--- RECORDS SHOWN Enclosed Below ---

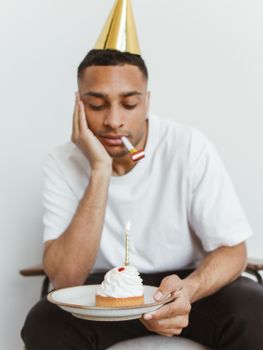 A man in a party hat looking at a cupcake with a lit candle in a contemplative mood.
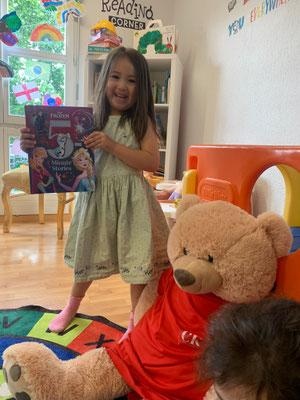 Child reading confidently with the Custom Kids mascot, Zilla, during an English lesson in Ehrendingen.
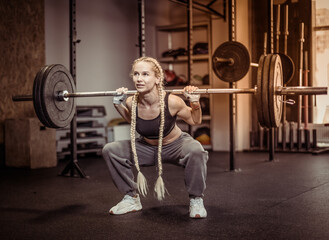 Fototapeta na wymiar Young fit woman doing squats with heavy barbell on her shoulders in modern gym. Functional, training muscles legs and buttocks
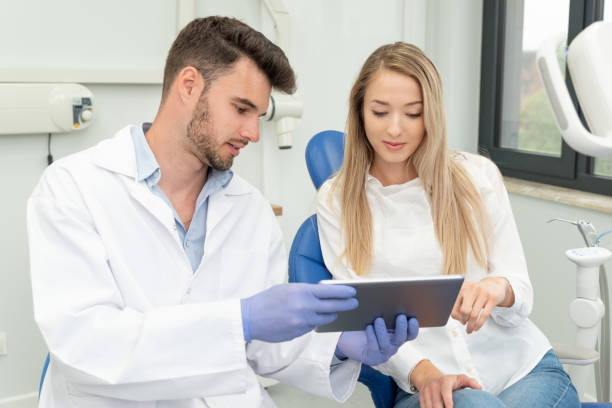 istock Dentist showing teeth x-ray on tablet screen 1274929118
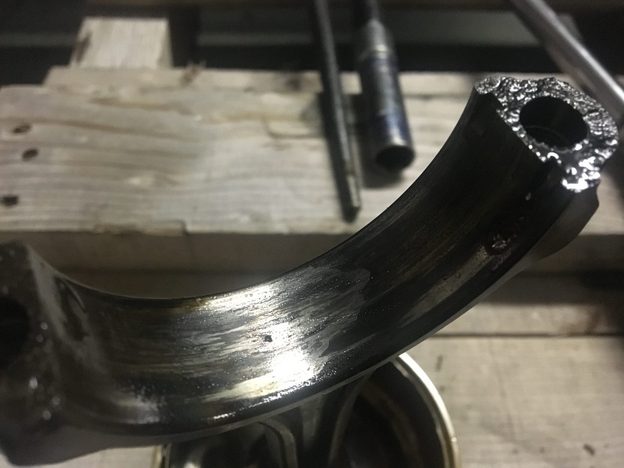 Close-up of the connecting rod with its bearing missing.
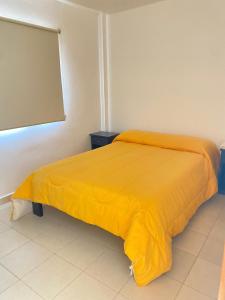 1 dormitorio con 1 cama con manta amarilla en Apart La Bella, en Chilecito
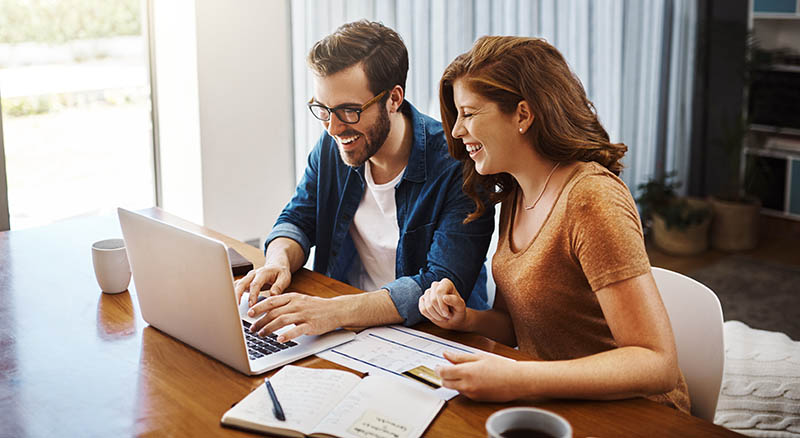 Couple looking at bills and laptop in house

--- End of Enclosed RECORDS SHOWN ---

-- REQUIRED WORK --
Retype the full listing exactly; pictures stay out.

-- SOLUTION FOR THIS TASK --
 A man in a party hat looking at a cupcake with a lit candle in a contemplative mood.
 Child reading confidently with the Custom Kids mascot, Zilla, during an English lesson in Ehrendingen.
 Fototapeta na wymiar Young fit woman doing squats with heavy barbell on her shoulders in modern gym. Functional, training muscles legs and buttocks
 istock Dentist showing teeth x-ray on tablet screen 1274929118
 Close-up of the connecting rod with its bearing missing.
 1 dormitorio con 1 cama con manta amarilla en Apart La Bella, en Chilecito
 Couple looking at bills and laptop in house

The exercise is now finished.